The recently completed review lists a number of rehabilitation projects that were identified as priorities by the Forest Service and local folks who voiced their opinions at several Forest Service-sponsored meetings. Both the public and the agency identified three needs as top priorities: fuel reduction, watershed improvement and reforesting. Two other critical needs, weed management and restoration of fire-damaged roads and trails, merit their own reviews and will be addressed in a separate document.
When trees burn in dry western forests they tend not to rot, unlike burned trees in moister eastern forests, which break down quickly and build up the soil. Instead, western tree species that burn eventually fall and pile up on the forest floor like a giant’s game of pick-up sticks, and become fuel for the next big fire. Fire suppression was a priority for most of the 20th century, and as a result, fuel—i.e. dead trees—had built up to alarming levels even before last summer’s fires.
With the many new homes along the forest boundary—the urban interface—the top priority is to remove those trees using four different methods: traditional timber sales of marketable trees, paying loggers to simply take out trees with lesser or no market value, firewood gathering and prescribed burns.
Altogether, the Forest Service proposes to reduce the fuel load on more than 65,000 acres of burned land from the urban interface to higher elevations. Homes would be made safer by thinning the forest around them, and other problems that plague the forest, like Douglas fir bark beetles and reforested clearcuts would also be addressed at the same time, according to BNF public information officer Cass Cairns.
The watershed also would see some rehabilitation work. Six hundred miles of forest roads that threaten to erode into streams would be improved, and 130 miles of previously closed roads would be rehabilitated. Cairns says motorized use of 12 miles of road would be limited. Trees would be planted in burned-over riparian areas and fish habitat would be generally improved. The third priority, reforesting, calls for 25,000 acres to be replanted with tree seedlings.

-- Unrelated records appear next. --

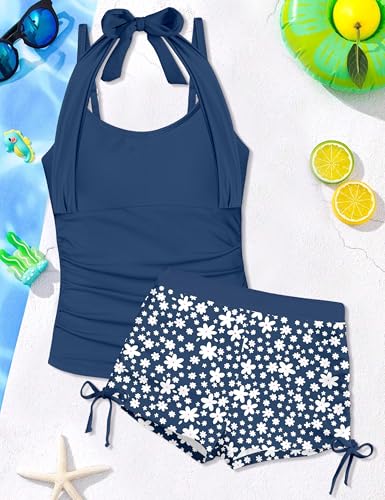 Image of Girls Swimsuit 2 Piece Halterneck Girls Tankini Swimsuit Drawstring Printed Swim Shorts Girl Bathing Suit for 7-18T
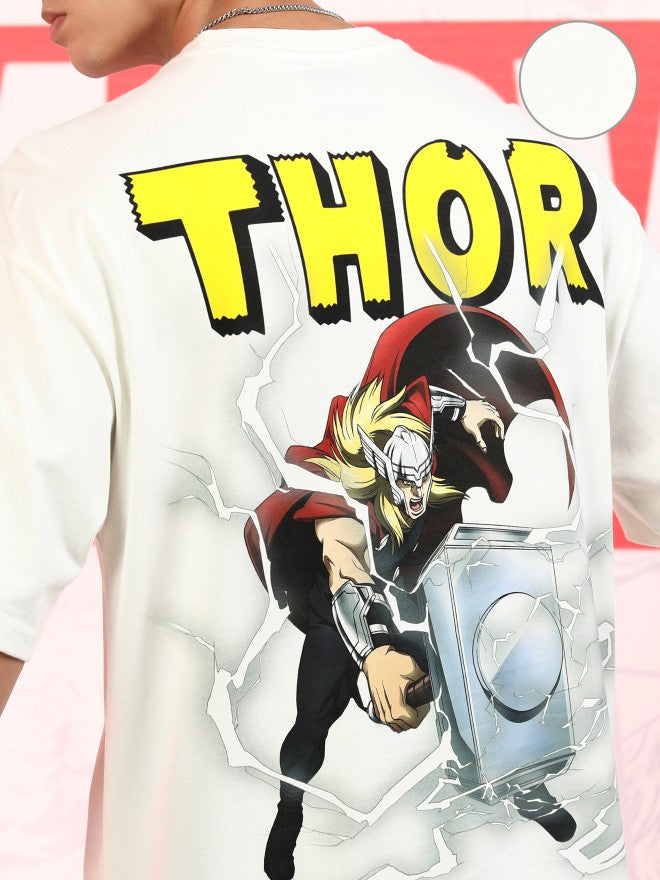 Marvel By Highlander Men Off White Thor Printed Round Neck Oversized Fit T-Shirt - Off White - Image 5
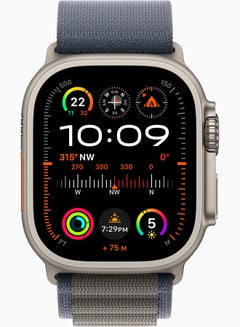 Apple Watch Ultra 2 GPS + Cellular, 49mm Titanium Case With Large (Band fits 165–210mm wrists.) Blue Alpine Loop  - Image 2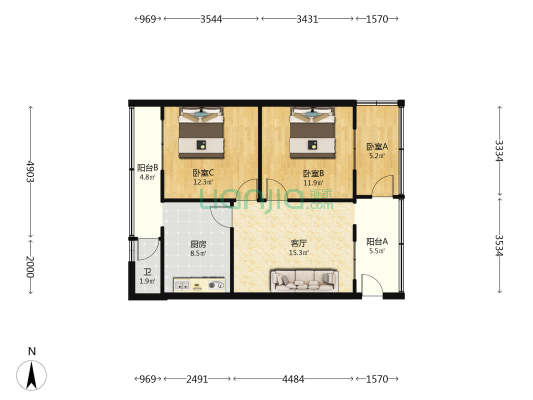 仁寿县粮食局 3室1厅1卫 65平方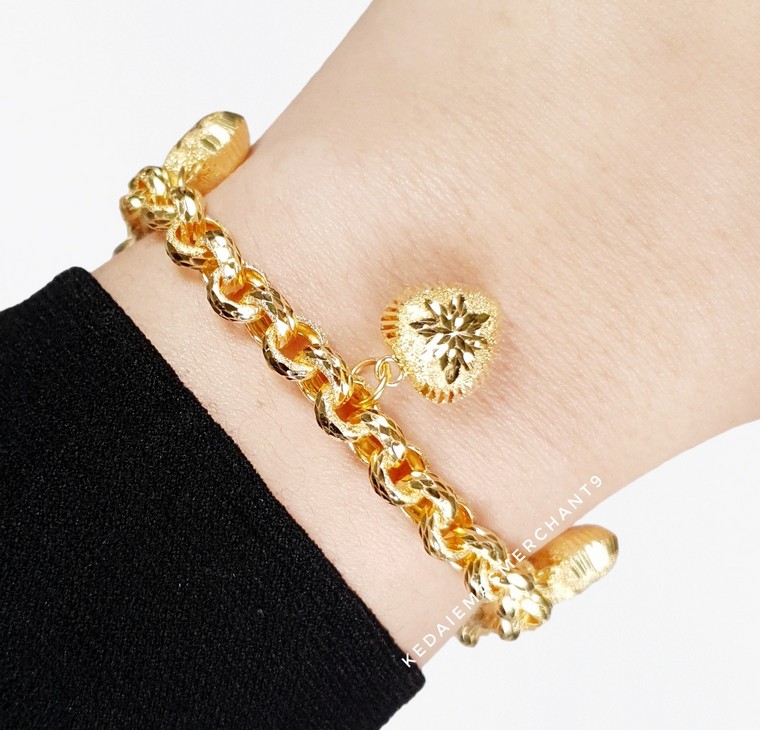 Merchant9 Rantai Tangan Kendi Dimensi Pasir Gantung Love L:0.6CM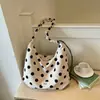 Bolso de hombro de lunares estilo coreano para mujer, nuevo bolso cruzado con cordón de gran capacidad, bolso tote casual de nailon, bolso casual para el día a día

The final EIS will be released in September. A 45-day public comment period will follow.
Cairns says commercial timber harvest would be restricted to either helicopter logging or winter logging when the ground is frozen to minimize damage.
The Forest Service has based its logging proposals on acres, rather than on the number of board feet harvested, as is typical.
But nothing about this proposal or last summer’s fires is typical. Jeff Amoss, a BNF resource staff officer, estimates that the logging sales could yield anywhere from 120 to 180 million board feet—a whopping increase for the BNF which sold a total of 75.2 million board feet between 1990 and 2000.
Though some local loggers complained last year that the Forest Service was moving too slow on the post-fire Environmental Impact Statement, and that time would decrease the market value of the standing dead timber, BNF officials point out that they are bound by a strict and time-consuming environmental process. Amoss says the timber shouldn’t lose much of its value, but it may lose some.
“There will be a difference in value between last October and October 2001,” he says. “It depends on species, size and how heavily it was burned. In very general terms, the smaller diameter of tree, the greater the value loss. Values also depend on how much wood there is out there in the timber market.”
And therein lies the rub for the timber industry.
Whether those potential timber sales actually sell remains to be seen, says Amoss. A recession may cause housing starts to drop, which would further depress the already-depressed lumber market. Plus, the U.S. and Canada are currently haggling over Canadian lumber exports, which American timber companies complain are subsidized and are harming the U.S. industry. Whatever comes of those negotiations also could have an impact locally.
Even if there are enough mills left in western Montana to bid on a number of separate timber sales spread out over 65,000 acres, and assuming the market can absorb the glut of timber, the logging won’t be done in short order. But how long it takes to get 120-180 million board feet off the forest, Amoss says, “depends on a whole variety of factors including size of the timber sales and ability of the operator to move the wood, and that whole market situation.”